6. HCCE in Coordinate-Based Neural Representations for Compression

COOL-CHIC (Ladune et al., 2022) uses coordinate-based neural representations and hierarchical latent spaces for image compression. Here, images are mapped as

$x(i, j) = f_\theta(i, j)$

using a compact MLP. Hierarchical latent variables at multiple resolutions are upsampled and concatenated, providing $z = \text{upsample}(\{y_k\})$ as input to the decoder. This structure allows the codec to balance global and local detail adaptively, achieving competitive rate-distortion tradeoffs with only $\sim$629 parameters and 680 multiplications per decoded pixel. The HCCE context supports real-time decoded applications and flexible bitrate adaptation without architectural changes.

7. Theoretical Context and Relation to Hierarchical Multi-Scale Learning

The notion of continuous, hierarchical encoding for coordinates is comparable to the multi-scale memory structures in hierarchical multiscale neural networks (Wolf et al., 2018). In those models, representations are allocated at different time scales (short/medium/long-term), facilitated by online meta-learners and anchored by elastic weights consolidation. Both frameworks, HCCE and hierarchical multiscale neuro-symbolic models, formalize hierarchical dynamic representations and recurrent anchoring to stable reference points as fundamental to robust continuous learning, context adaptation, and catastrophic forgetting mitigation.

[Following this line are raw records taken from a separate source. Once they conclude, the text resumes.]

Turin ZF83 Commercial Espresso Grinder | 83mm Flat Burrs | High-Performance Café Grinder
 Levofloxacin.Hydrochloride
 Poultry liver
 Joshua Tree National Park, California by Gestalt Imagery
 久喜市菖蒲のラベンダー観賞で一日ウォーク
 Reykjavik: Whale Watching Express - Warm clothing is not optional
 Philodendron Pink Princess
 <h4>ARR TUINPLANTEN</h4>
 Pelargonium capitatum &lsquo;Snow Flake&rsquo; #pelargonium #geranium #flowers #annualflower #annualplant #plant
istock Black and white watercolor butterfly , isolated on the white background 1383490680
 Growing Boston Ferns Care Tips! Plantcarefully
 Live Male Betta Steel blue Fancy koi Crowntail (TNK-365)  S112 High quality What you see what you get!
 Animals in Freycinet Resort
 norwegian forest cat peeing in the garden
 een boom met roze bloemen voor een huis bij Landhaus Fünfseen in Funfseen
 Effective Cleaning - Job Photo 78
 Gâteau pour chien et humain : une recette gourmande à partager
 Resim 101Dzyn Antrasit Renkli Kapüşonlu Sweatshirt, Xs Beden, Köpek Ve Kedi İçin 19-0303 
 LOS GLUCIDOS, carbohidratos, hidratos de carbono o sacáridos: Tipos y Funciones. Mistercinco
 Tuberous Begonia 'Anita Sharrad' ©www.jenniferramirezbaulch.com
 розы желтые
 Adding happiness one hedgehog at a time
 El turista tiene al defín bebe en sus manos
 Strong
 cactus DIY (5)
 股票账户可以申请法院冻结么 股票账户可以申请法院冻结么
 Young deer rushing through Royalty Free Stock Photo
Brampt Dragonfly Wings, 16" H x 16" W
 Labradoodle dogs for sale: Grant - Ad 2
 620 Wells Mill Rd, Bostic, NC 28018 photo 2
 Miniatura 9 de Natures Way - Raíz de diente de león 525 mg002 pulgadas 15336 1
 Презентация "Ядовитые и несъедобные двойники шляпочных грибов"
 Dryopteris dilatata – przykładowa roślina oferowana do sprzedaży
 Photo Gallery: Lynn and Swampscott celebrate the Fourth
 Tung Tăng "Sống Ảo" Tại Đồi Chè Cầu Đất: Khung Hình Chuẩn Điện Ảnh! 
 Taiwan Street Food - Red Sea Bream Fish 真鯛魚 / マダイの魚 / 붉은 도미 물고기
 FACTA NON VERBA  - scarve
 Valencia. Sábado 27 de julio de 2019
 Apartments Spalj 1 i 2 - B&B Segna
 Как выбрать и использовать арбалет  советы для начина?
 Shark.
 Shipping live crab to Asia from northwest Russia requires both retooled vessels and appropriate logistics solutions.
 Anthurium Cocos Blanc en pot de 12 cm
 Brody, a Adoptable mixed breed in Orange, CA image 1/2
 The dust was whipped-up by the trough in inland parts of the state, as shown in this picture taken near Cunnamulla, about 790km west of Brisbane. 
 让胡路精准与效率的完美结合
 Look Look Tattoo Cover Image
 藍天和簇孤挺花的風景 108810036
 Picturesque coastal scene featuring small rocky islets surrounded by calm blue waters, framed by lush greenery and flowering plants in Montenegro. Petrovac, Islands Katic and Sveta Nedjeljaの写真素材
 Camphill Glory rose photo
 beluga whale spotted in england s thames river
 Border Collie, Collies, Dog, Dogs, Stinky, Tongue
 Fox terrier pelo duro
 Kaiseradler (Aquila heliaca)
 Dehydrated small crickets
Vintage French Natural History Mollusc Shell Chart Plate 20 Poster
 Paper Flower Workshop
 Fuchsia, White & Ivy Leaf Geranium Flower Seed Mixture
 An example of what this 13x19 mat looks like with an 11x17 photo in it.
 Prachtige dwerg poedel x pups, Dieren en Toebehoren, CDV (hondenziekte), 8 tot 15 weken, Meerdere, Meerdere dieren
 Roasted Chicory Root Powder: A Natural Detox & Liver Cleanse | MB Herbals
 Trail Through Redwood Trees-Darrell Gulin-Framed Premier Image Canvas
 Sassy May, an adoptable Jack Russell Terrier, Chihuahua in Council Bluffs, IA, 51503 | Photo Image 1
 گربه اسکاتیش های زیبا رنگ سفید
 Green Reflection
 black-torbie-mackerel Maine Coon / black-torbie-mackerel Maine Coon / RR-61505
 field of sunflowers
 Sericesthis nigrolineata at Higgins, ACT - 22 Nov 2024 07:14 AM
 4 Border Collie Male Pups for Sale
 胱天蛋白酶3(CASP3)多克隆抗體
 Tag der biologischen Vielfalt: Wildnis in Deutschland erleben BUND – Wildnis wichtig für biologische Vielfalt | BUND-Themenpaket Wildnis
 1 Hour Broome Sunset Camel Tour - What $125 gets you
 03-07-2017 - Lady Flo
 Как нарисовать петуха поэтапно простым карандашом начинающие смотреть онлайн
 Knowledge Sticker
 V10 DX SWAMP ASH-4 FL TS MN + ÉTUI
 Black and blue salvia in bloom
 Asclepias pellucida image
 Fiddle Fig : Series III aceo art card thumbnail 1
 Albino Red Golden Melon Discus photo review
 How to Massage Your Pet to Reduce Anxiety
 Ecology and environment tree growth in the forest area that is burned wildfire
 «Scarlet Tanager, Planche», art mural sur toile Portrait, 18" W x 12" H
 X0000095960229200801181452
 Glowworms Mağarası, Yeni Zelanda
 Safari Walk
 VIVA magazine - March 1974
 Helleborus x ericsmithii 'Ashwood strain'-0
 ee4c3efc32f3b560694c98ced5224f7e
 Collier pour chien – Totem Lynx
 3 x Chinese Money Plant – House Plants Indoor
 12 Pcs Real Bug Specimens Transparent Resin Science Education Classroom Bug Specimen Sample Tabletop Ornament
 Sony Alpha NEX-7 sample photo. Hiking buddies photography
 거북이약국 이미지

8. Practical Implications and Future Directions

HCCE is broadly applicable in any domain requiring high-precision spatial encoding, scalable learning, and smooth transition between representations. By employing continuous codes in hierarchical architectures, neural networks better exploit spatial locality, avoid discretization artifacts, and integrate global context. Methods such as distribution-aware coordinate decoding (e.g., Taylor expansion, as per DARK (Chatzitofis et al., 2021)) and non-quantized ground-truth heatmaps align well with the HCCE principle of unbiased supervision. A plausible implication is that further extensions in continuous, hierarchical coordinate representation could benefit 3D scene understanding, generative modeling, and systems that necessitate arbitrary scaling or precise localization under resource constraints.